* Assigned task
Quote precisely the final stretch of the listing: start at the line containing "Hey, I'm Mark" and stop after the last line.

* Data provided
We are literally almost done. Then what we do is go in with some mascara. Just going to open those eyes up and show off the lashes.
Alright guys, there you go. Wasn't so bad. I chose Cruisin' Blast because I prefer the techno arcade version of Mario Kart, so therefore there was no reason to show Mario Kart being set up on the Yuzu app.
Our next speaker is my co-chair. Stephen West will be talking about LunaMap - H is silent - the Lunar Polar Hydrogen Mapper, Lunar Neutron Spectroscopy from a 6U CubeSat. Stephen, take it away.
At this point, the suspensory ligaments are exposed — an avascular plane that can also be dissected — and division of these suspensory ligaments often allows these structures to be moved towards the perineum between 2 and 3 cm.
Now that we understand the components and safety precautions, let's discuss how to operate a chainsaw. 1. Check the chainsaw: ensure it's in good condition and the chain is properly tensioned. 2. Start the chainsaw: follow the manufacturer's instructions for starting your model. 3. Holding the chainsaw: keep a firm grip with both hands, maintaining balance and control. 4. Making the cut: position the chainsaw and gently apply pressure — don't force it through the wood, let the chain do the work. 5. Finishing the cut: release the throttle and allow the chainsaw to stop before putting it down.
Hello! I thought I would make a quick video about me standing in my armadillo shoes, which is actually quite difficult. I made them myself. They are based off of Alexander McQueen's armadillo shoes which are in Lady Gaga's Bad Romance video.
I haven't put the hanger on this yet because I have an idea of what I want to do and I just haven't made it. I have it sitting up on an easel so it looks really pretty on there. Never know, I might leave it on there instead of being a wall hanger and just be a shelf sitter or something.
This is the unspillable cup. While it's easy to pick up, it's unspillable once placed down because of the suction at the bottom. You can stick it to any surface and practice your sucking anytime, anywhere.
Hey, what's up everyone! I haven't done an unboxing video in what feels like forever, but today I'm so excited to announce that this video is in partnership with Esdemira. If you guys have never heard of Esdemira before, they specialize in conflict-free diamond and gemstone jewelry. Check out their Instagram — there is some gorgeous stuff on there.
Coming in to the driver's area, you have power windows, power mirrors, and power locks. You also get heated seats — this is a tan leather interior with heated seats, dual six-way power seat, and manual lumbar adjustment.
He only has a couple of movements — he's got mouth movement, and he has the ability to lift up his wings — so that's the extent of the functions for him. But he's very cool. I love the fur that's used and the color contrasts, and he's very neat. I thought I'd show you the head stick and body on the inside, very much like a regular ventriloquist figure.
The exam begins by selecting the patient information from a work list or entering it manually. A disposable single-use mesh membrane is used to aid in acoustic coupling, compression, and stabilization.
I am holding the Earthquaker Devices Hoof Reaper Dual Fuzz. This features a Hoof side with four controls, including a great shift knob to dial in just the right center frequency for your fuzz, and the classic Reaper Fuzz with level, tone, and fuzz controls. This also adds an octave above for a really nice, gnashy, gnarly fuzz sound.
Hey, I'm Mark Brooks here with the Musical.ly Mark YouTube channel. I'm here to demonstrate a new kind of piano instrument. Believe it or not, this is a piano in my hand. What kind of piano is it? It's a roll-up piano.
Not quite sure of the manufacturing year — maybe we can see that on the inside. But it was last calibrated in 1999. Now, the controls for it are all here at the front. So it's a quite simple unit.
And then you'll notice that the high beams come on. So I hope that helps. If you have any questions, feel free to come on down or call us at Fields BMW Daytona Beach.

* Reply
Hey, I'm Mark Brooks here with the Musical.ly Mark YouTube channel. I'm here to demonstrate a new kind of piano instrument. Believe it or not, this is a piano in my hand. What kind of piano is it? It's a roll-up piano.
Not quite sure of the manufacturing year — maybe we can see that on the inside. But it was last calibrated in 1999. Now, the controls for it are all here at the front. So it's a quite simple unit.
And then you'll notice that the high beams come on. So I hope that helps. If you have any questions, feel free to come on down or call us at Fields BMW Daytona Beach.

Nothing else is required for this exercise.